Page MenuHomePhabricator

Move some page- and user-specific mw.config data out of HTML head, to end of body
Open, LowPublicFeature

Description

mw.Title already exists though it needs more work and could use some caching.

mw.User doesn't exist yet as a constructor, but preliminary work has already been done with a lazy-loading system (with the introduction of mw.user.getGroups and mw.user.getRights - similar to in PHP where those methods call ->init() which does nothing if already loaded and loads it if not).

Each of these would be constructed (without being initialized) by default in their lowercase equivalents (mw.title, mw.user, mw.page).

I suggest we write an abstract class that implements:

  • Caching by unique identifier
  • Methods to clear cache
  • Methods to populate cache
  • etc.

Eventually this will also allows us to clean up stuff that doesn't belong in mw.config (wgUserName, wgUserGroups, wgCategories, wgCurRevisionId, wgTitle).

And if those vars provide sufficient information to fully populate a cache, we can even optimize for the current context instances and prepopulate them.

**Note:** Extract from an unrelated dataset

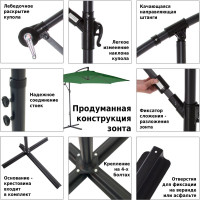 Садовый зонт Green glade 6004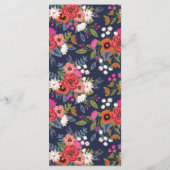 Bohemian Bouquet | Menu Najaarsweddenschap (Achterkant)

Or do it the other way around (populate mw.user/title/page/revision from the page output, and put a backwards compatible thing in mw.config that accesses those from mw.user/title/page/revision)


Version: 1.20.x
Severity: enhancement

Event Timeline

bzimport raised the priority of this task from to Medium.Nov 22 2014, 12:51 AM
bzimport set Reference to bz39813.
Krinkle lowered the priority of this task from Medium to Low.Nov 24 2014, 2:57 PM
Krinkle set Security to None.
Phabricator_maintenance renamed this task from Implement immutable object constructors with caching for mw.User, mw.Title, mw.Page (tracking) to Implement immutable object constructors with caching for mw.User, mw.Title, mw.Page.Aug 13 2016, 11:29 PM

I'm reviving this and rephrasing it with the explicit goal of moving wgUserGroups and wgCategories values in mw.config from the <head> to the end of </body>, and (prior to that) give them documented and well-supported async JS methods to reliably access the data (asking users to manually wait for dom-ready and then access mw.config would be a fragile pattern to explain and support).

Prior art:

  • 2012: Rejected new addition of wgUserRights to mw.config data in page head. – T40151
  • 2012: Shipped mw.user with async methods .getRights() and .getGroups(). – T40151
  • 2016: Re-implement .getGroups() to make use of wgUserGroups. – https://gerrit.wikimedia.org/r/280753

I'm proposing the next steps:

  1. Deprecate access to wgUserGroups via mw.config, in favour of mw.user.getGroups (an async method).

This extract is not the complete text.